Israel’s Foreign Minister, Abba Eban, addressing the delegates yesterday, called for a “reaffirmation of Jewish solidarity.” He said, “We know there are millions who share with us the view that if Israel were to fall, 2,000 years of Jewish history would lose their meaning.” He said that with overseas Jewry bearing the burden of Israel’s humanitarian requirements, Israelis “can hold the line everywhere else.”

“The burdens are very great,” Mr. Eban declared. “Perhaps there might be some justification for the belief by some that our shoulders would crumble under the weight of the burden–if we had to bear that burden alone. What they don’t take into account is the galvanizing force of Jewish solidarity.” he said.

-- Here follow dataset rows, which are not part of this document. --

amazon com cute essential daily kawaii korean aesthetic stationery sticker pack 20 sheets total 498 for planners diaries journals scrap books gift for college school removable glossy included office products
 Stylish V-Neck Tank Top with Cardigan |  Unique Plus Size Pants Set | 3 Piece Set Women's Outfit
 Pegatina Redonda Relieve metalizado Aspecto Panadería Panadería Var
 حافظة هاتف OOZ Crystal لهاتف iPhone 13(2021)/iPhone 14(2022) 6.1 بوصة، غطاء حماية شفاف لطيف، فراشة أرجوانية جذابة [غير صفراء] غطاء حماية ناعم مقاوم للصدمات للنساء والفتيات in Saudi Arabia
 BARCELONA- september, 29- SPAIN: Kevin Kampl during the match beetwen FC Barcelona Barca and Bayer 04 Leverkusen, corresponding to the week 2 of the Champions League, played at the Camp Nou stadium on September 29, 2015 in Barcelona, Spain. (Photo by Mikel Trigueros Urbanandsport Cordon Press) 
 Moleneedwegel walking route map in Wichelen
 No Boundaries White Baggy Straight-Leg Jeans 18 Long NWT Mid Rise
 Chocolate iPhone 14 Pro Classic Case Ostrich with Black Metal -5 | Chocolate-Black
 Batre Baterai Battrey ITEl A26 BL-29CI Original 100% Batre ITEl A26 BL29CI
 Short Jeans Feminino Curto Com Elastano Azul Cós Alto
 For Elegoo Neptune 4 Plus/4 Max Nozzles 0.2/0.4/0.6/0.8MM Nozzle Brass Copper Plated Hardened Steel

The delegates were told that 60,000 new immigrants are expected to arrive in Israel during 1970, many of them without a trade, and others aged and infirm and in need of medical care, housing, education and other vital services. Mr. Ginsberg said that one reason why the UJA was calling on Jews for unprecedented contributions was the size of Israel’s defense budget that will absorb 83 percent of the country’s taxes in 1970. Israelis are taxed at one of the world’s highest rates and they now must carry the largest per capita national debt of any people in the world, Mr. Ginsberg said.

World Jewry will have to provide $500 million in philanthropic aid to meet the humanitarian needs of the 60,000 immigrants expected to come to Israel in 1970 and of the more than 300,000 immigrants of previous years still in need of assistance, Rabbi Herbert A. Friedman, executive chairman of the United Jewish Appeal, told the annual conference.

“Our philanthropic dollars will be used as always to pay for the great immigrant absorption programs, including health and welfare and higher education and housing and farming and youth care and much more,” he said.

Rabbi Friedman said that for the Israelis, the “path ahead is clear–war along the Suez Canal, terrorism along the Jordan River, danger of economic collapse–and superhuman effort to absorb new immigrants into the fabric of Israeli society at the same time.”

He also called strong world sympathy for Russian Jewry “a part of that totality of concern which unites all Jews in one tightly-linked brotherhood.” He noted that in 1970, the Joint Distribution Committee, a UJA constituent, would spend $24 million on aid to needy Jews outside the United States and Israel. He said that money would assist more than 300,000 people in such areas of life as care of the aged and the sick, children’s homes and feeding programs.